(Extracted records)
....

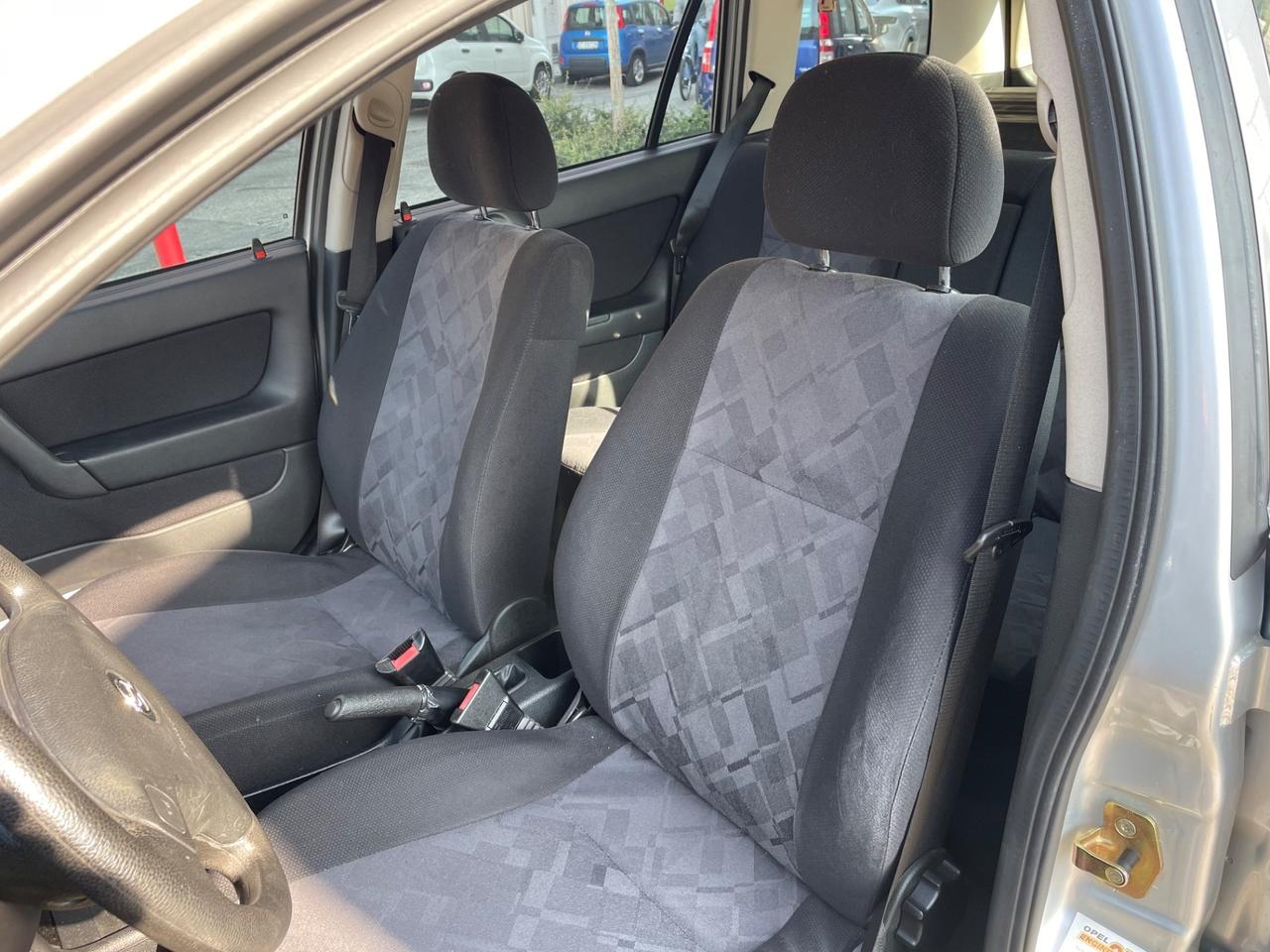 Opel Astra 1.4i 16V SW/1PROP/GARANZIA/59000KM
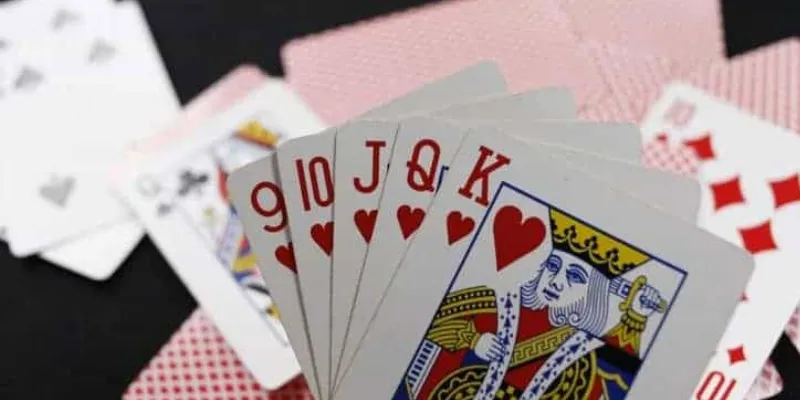 Sai lầm thường gặp khi xếp bài tiến lên và cách khắc phục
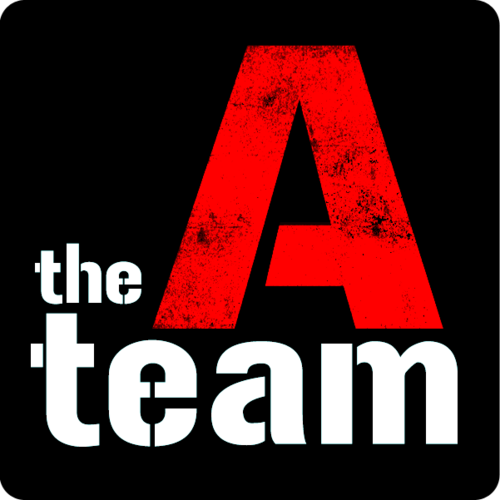 The Presentation Team Logo photo - 1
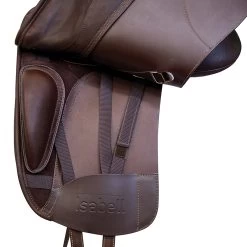 Bates Isabell (CAIR) Saddle Classic Brown -Equestrian Supplies Store bates isabell cair saddle 131436801 classic brown 344982031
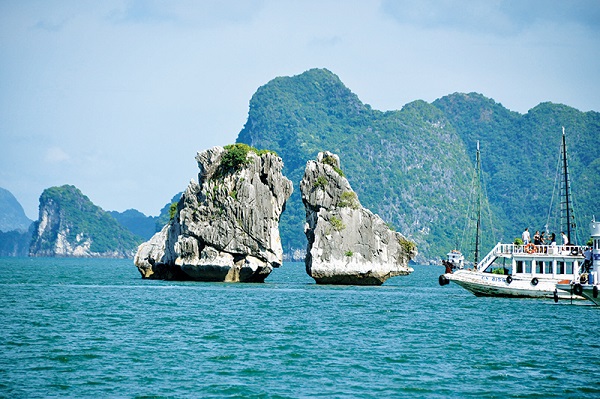 Giảm nghèo cho người dân địa phương qua hoạt động du lịch địa chất tại Việt Nam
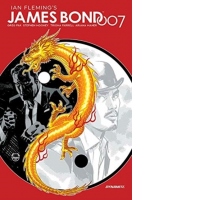 James Bond 007 Vol. 2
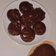 Nirmala Rajput का कुकस्नैप जब उन्होंने होममेड चॉकलेट (Homemade chocolate recipe in Hindi) बनाया था।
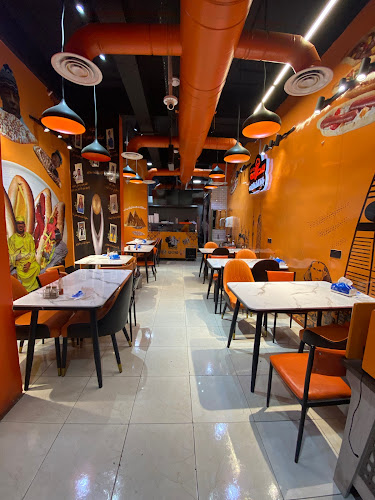 مطعم سطلانة للوجبات السريعه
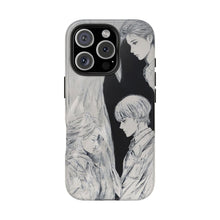 Load image into Gallery viewer, Attack on Titan Phone Cases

....

- Task requirements
Could you write out exactly the lines running from the one with "مطعم سطلانة للوجبات السريعه" through the last line of the data above, both ends kept, and omit any picture?

- Task answer
 مطعم سطلانة للوجبات السريعه
 Load image into Gallery viewer, Attack on Titan Phone Cases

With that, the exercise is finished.